━━━━━ Listed entries ━━━━━
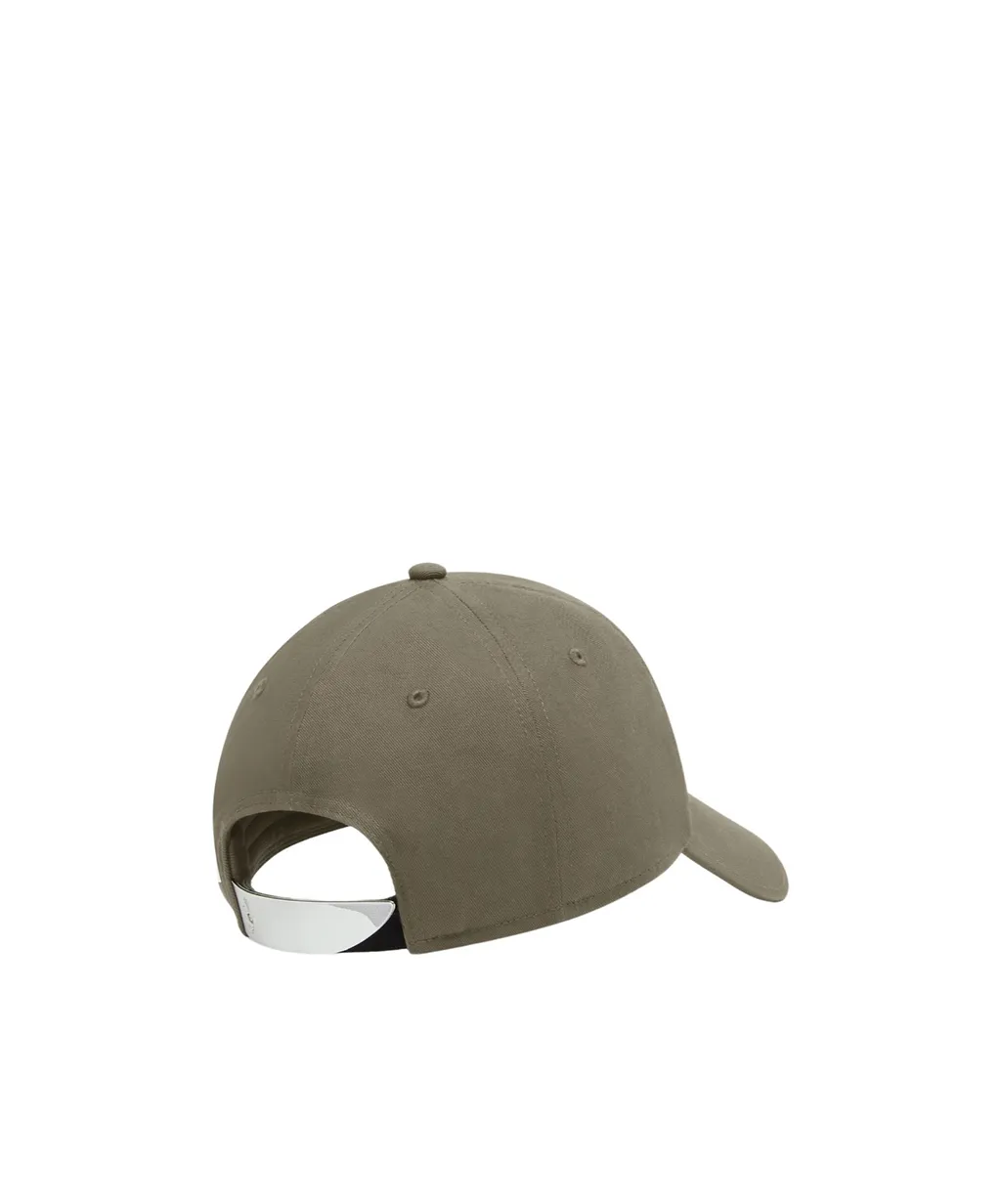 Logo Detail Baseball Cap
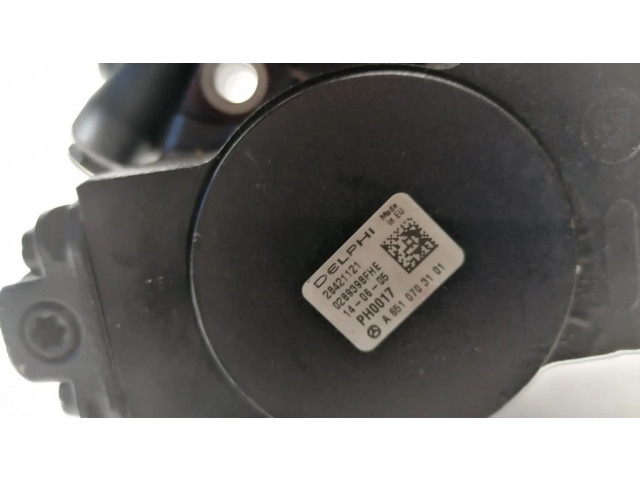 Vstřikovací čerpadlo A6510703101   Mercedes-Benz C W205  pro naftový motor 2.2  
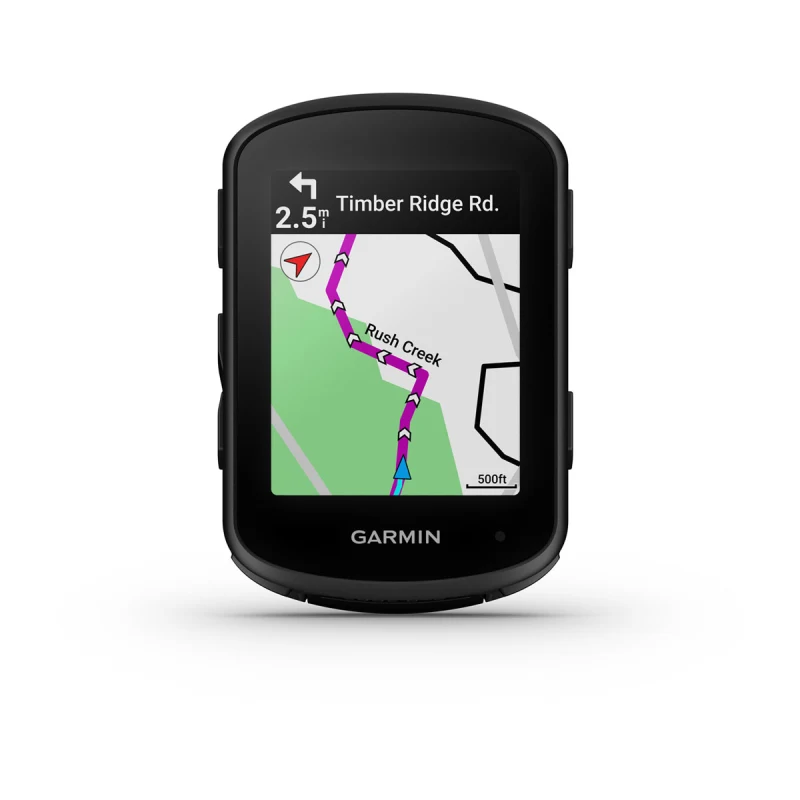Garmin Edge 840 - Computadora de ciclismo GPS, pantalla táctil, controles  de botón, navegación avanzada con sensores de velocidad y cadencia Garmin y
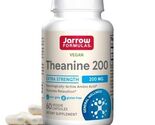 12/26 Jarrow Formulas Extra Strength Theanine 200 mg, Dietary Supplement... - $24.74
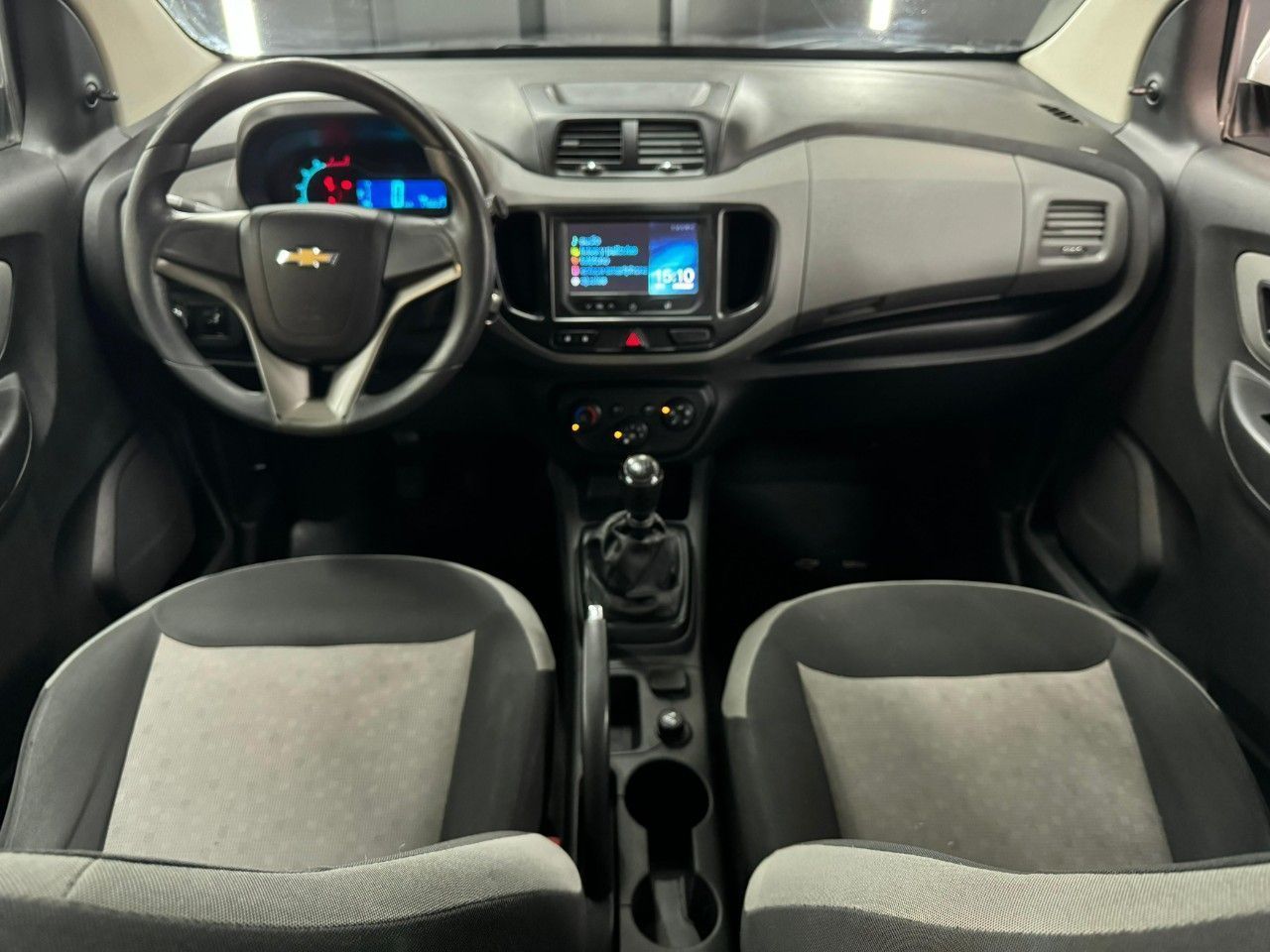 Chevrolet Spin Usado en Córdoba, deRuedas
━━━━━
▸ **What the task requires**
Please retype exactly the lines from the one containing "Vstřikovací čerpadlo A6510703101" through the last line of the records, both included, leaving out every picture.

▸ **Response to this exercise**
 Vstřikovací čerpadlo A6510703101   Mercedes-Benz C W205  pro naftový motor 2.2  
Garmin Edge 840 - Computadora de ciclismo GPS, pantalla táctil, controles  de botón, navegación avanzada con sensores de velocidad y cadencia Garmin y
 12/26 Jarrow Formulas Extra Strength Theanine 200 mg, Dietary Supplement... - $24.74
 Chevrolet Spin Usado en Córdoba, deRuedas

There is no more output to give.